Only the lines from the one containing "Se Sokolem do" through the last line below belong in your copy; transcribe them exactly and omit any pictures.

SUPPLIED DATA
□ □ □ □ □
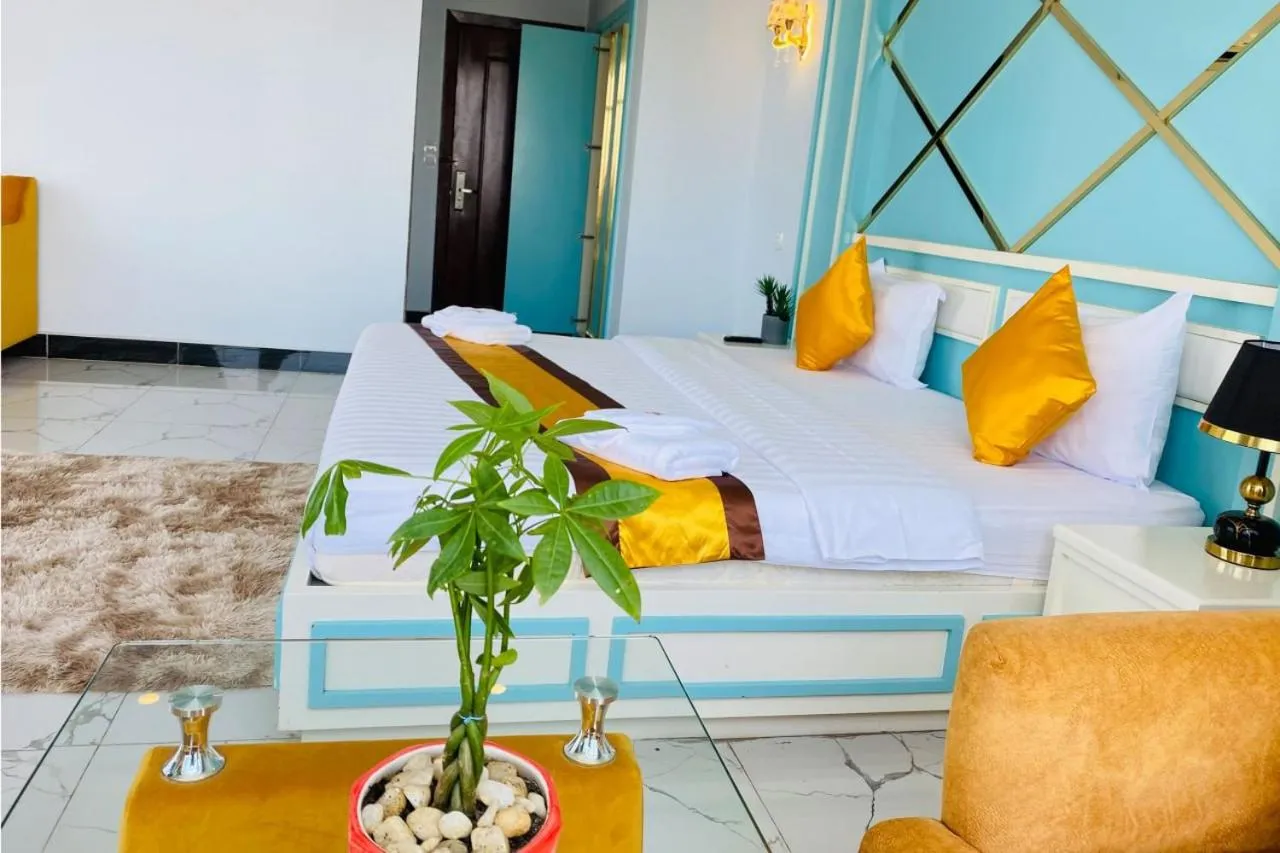 Bed in Kampot Sunny Hotel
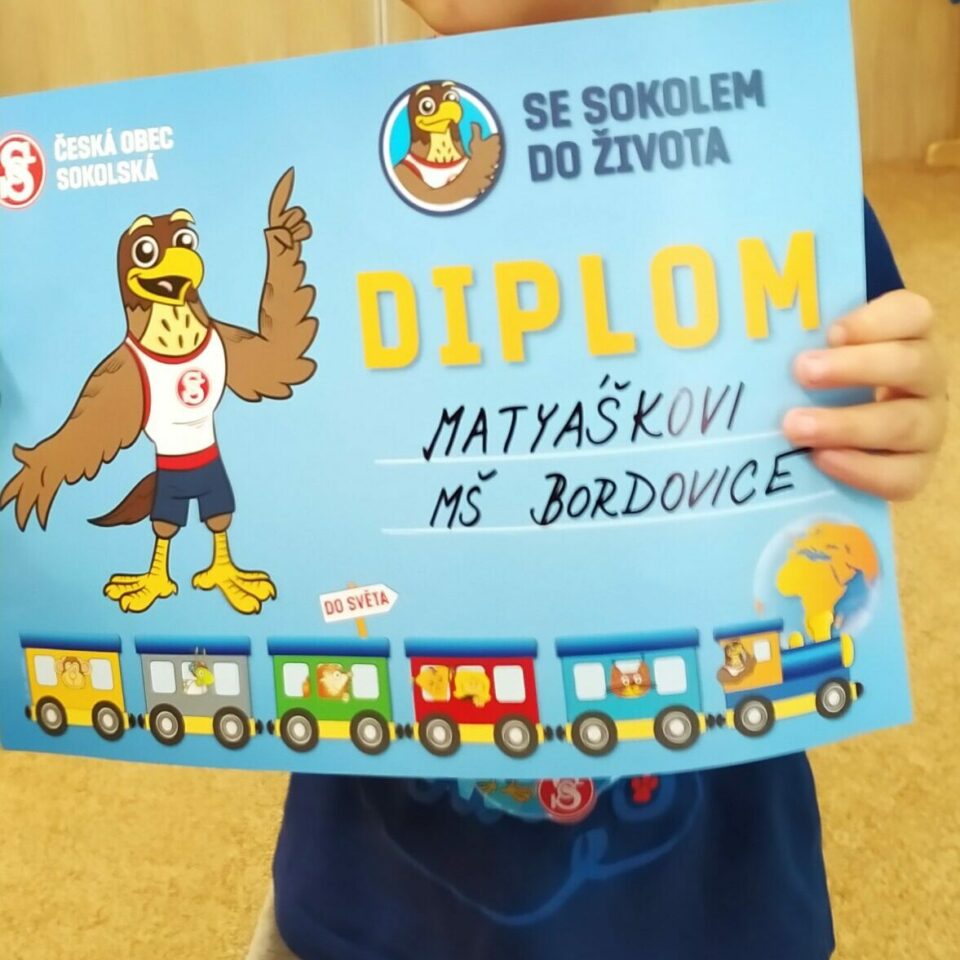 Se Sokolem do života 2022 Letos jsme znovu cvičili a plnili úkoly se Sokolem. Za odměnu děti dostaly krásné medaile a diplom. Ročník jsme završili poslechem sokolské hymny.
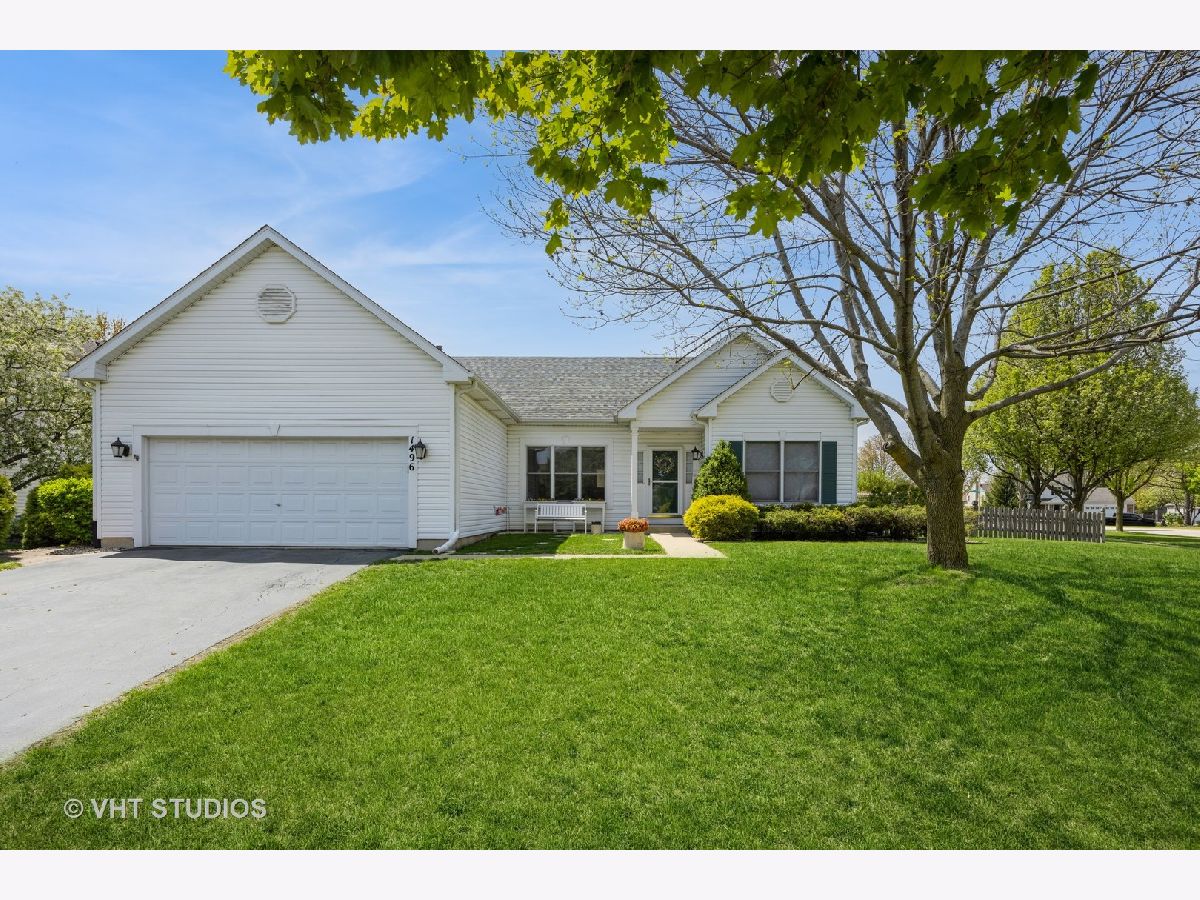 Homes Sold Woodscreek Crystal Lake Illinois, 1496 Trailwood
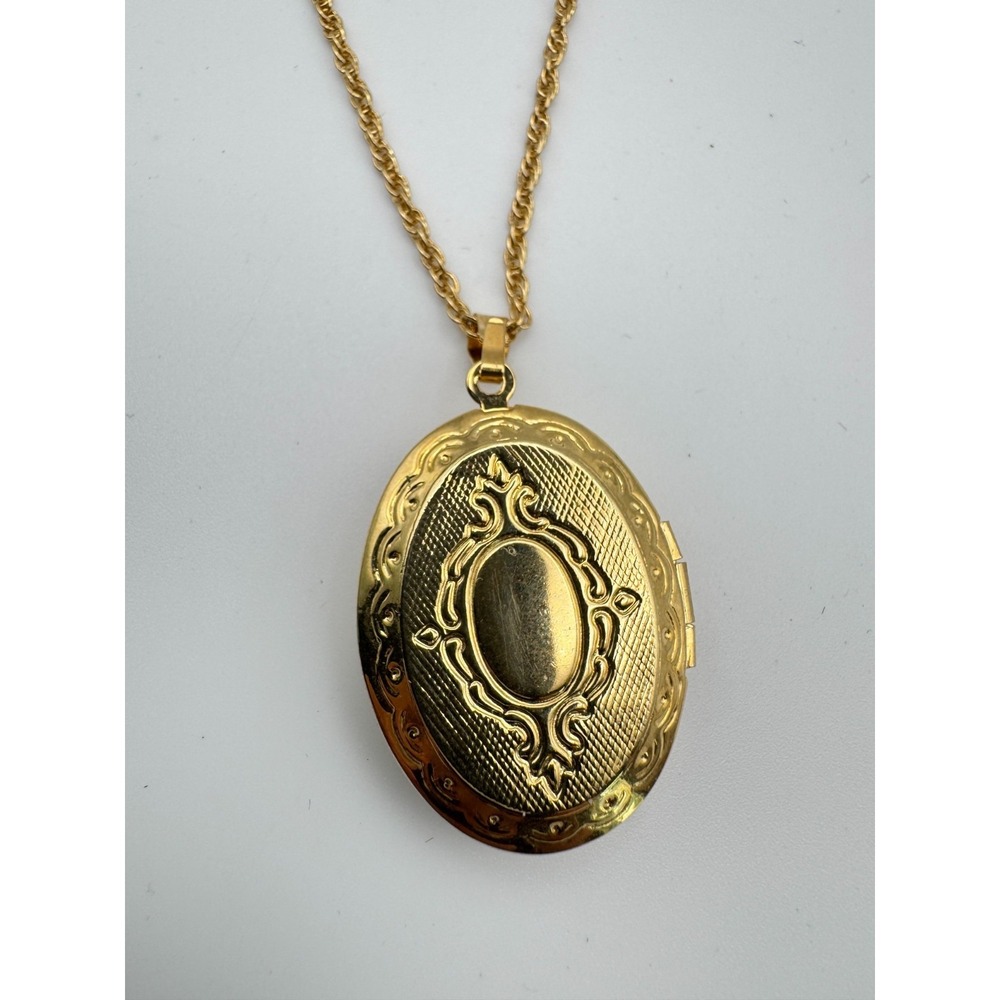 Vintage Locket Necklace Gold Tone Oval Mother of Pearl Praying Hands Religious - Picture 5 of 9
□ □ □ □ □
EXPECTED OUTPUT
 Se Sokolem do života 2022 Letos jsme znovu cvičili a plnili úkoly se Sokolem. Za odměnu děti dostaly krásné medaile a diplom. Ročník jsme završili poslechem sokolské hymny.
 Homes Sold Woodscreek Crystal Lake Illinois, 1496 Trailwood
 Vintage Locket Necklace Gold Tone Oval Mother of Pearl Praying Hands Religious - Picture 5 of 9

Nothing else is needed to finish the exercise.